▶ **Exercise instructions**:
Each line from the one that holds "Высококачественный беспроводной роутер" to the end of the records is to be retyped exactly. Pictures are not part of the copy.

▶ **Data extracted from a collection**:
>>>>

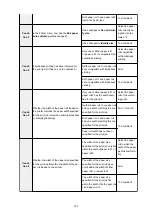 Предварительный просмотр 592 страницы Canon imagePROGRAF TZ-30000 Online Manual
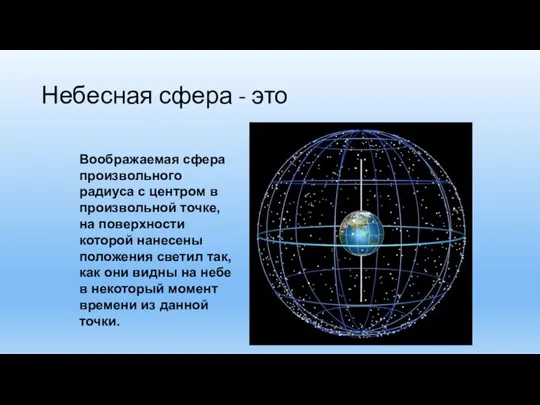 Воображаемая сфера произвольного радиуса с центром в произвольной точке, на поверхности которой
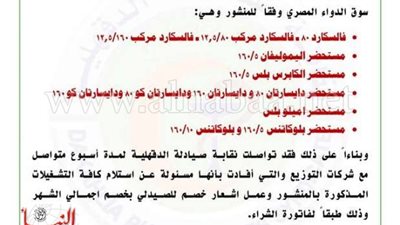 بالأسماء.. تعرف علي الأدوية المقرر سحبها من السوق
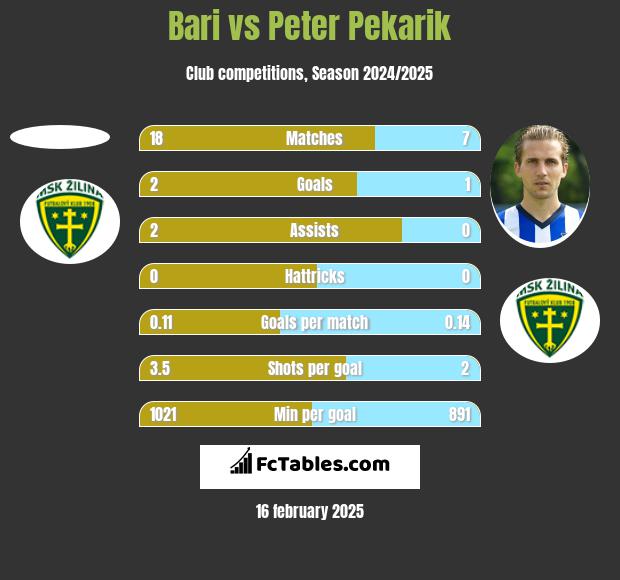 Bari vs Peter Pekarik h2h player stats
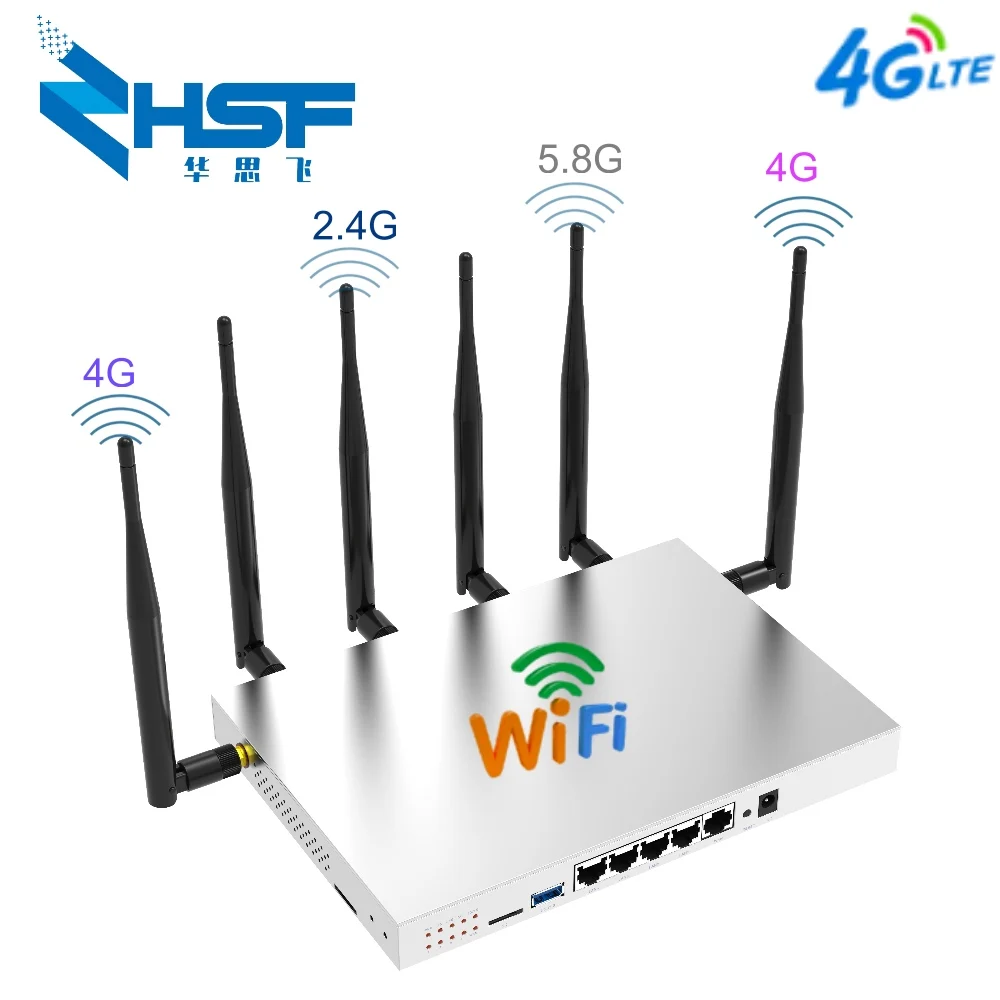 Высококачественный беспроводной роутер 3G 4G Wi Fi со слотом для Sim карты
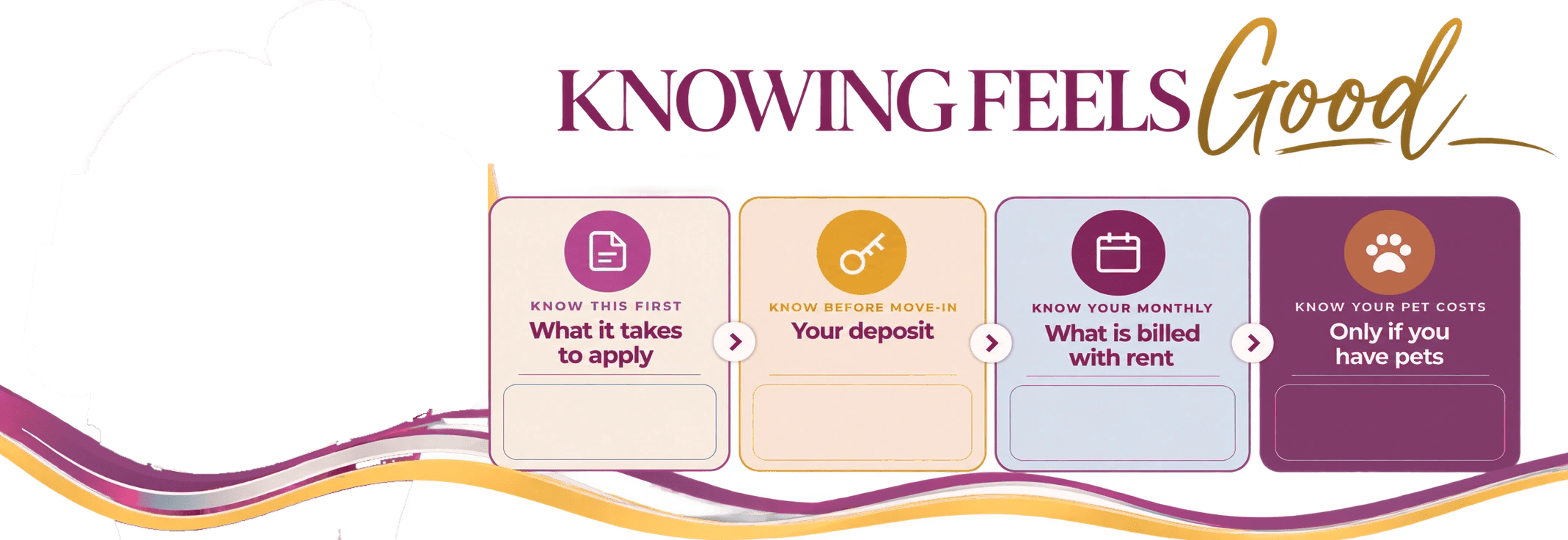 Knowing Feels Good: what it takes to apply, your deposit, what is billed with rent, and pet costs at Helios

<<<<

▶ **Problem solution**:
 Высококачественный беспроводной роутер 3G 4G Wi Fi со слотом для Sim карты
 Knowing Feels Good: what it takes to apply, your deposit, what is billed with rent, and pet costs at Helios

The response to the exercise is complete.